What if a customer purchased a product or service that would make the claim to increase in value over time and with more use? There is a caveat, however. The product's cost increases an average of 5.2 percent annually. Worse, the cost projections outpace inflation and the growth in personal income for the unforeseeable future.
What is this valuable product that is saddled with such outrageous cost increases? Higher education.
In a recent Politifact article, John Morgan, the chancellor of Tennessee's Board of Regents noted that "students now pay 67 percent of the costs of their educations at the state's universities and 60 percent at community colleges."
I'm curious, Mr. Morgan, shouldn't students pay all of those costs?
In truth, taxpayers fund a huge portion of higher education.
Chancellor Morgan observed that while 33 percent is now a subsidy of the state, a few decades ago, higher education received "state appropriations that comprised up to 70 percent ... and students and their parents picked up the rest."
The cost of tuition and "fees" for higher education have "more than doubled since 2000, outstripping the inflation rate across all goods as well as the growth rates of energy, housing and healthcare costs," according to the July 2011 issue of Moody's Analytics.
Remember that government-subsidized goods and services increase in cost and artificially alters the market. We all recall the recent housing market fiasco caused by easy subprime loans that sent the real estate market spiraling with reduced home equities.
The doubling cost of tuition since 2000 coincidentally mirrors the explosion in college loans with student loan debt now at $1 trillion.
And who guarantees those student loans offered at low interest rates? Yep -- the taxpayer again.
The federal government insures these student loans and, as of July 2010, is the sole lender of guaranteed student loans President Obama turned the Department of Education into a bank with the profits to be used for ... wait for it ... Obamacare.
Moody's Analytics observed that "federal grant aid nearly doubled from $26 billion to $52 billion between the years reviewed of 2008-2009 and 2010-2011."

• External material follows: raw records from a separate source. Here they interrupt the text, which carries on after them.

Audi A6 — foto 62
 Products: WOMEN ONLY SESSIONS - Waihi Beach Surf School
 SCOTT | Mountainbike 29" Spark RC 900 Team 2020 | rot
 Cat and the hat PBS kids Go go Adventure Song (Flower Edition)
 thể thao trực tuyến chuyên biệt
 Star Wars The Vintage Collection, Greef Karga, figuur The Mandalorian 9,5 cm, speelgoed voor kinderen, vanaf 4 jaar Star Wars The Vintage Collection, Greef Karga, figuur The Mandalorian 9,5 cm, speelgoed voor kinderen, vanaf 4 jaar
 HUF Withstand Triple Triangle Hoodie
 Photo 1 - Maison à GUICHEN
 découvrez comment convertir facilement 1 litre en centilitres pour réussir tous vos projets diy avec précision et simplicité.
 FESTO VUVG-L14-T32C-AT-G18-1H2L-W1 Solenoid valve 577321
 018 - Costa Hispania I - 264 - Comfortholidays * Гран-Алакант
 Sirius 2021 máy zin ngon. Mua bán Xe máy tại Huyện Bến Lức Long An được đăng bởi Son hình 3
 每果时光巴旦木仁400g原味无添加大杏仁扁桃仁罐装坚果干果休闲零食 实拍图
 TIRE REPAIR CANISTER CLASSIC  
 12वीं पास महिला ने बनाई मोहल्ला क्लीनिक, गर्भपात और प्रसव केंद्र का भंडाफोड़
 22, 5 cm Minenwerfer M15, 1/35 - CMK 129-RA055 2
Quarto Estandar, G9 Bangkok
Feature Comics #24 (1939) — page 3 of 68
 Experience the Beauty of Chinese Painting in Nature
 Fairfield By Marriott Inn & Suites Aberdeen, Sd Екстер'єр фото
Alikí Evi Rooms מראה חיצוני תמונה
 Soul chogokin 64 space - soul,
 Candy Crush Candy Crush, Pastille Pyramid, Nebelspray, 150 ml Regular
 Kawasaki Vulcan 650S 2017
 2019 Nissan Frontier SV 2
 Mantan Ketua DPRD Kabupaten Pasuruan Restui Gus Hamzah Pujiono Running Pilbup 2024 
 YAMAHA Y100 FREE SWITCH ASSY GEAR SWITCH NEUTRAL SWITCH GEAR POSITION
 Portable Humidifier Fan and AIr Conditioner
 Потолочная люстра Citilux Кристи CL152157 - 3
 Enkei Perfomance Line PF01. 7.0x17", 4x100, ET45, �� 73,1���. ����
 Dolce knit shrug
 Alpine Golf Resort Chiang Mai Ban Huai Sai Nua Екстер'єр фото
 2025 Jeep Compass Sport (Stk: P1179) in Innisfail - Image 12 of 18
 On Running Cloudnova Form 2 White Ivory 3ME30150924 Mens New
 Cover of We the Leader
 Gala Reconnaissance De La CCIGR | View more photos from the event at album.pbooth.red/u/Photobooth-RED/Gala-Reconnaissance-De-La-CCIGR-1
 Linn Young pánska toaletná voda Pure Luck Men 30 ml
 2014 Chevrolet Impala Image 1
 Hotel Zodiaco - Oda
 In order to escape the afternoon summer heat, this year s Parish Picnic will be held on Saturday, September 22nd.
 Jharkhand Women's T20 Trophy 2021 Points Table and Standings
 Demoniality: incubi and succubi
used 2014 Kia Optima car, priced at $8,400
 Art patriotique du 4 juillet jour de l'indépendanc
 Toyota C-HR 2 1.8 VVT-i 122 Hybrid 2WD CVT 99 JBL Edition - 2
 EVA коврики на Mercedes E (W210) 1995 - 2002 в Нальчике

In the Oct 24 publication of Syracuse University's student paper, "The Daily Orange," a student submitted an opinion with this observation: "Government aid, by purpose and effect, enables people to pay more for some good or service ... federal student aid empowers students to pay more than they otherwise could for college, federal college aid empowers colleges to raise prices."
Chancellor John Morgan concluded in Politifact, "I believe we are at a point where we can't raise tuition much beyond general-inflation increases without impacting enrollment. We may already be seeing that effect this year: enrollment is down on average across our system although historically enrollments rise during recessions and flatten out or decline somewhat during recoveries ..."
A recent educational report by Demos, a national public policy organization, worried that states have been forced to prioritize spending and balance budgets which reduced tax-dollars for colleges and universities. The result has been "an irreversible slide of the United States' higher education's becoming a collectively-funded good to that of an individually purchased private good."
Education is a national necessity. It has both value and cost. When it is collectively-funded, it has proven to be non-competitive and unresponsive to its customer: the student. It's time for reform with the customer's needs being driven into the market of higher education.
Robin Smith, a consultant at Rivers Edge Alliance, is a wife and mother living in Hixson. She served as chairman of the Tennessee Republican Party from 2007 to 2009.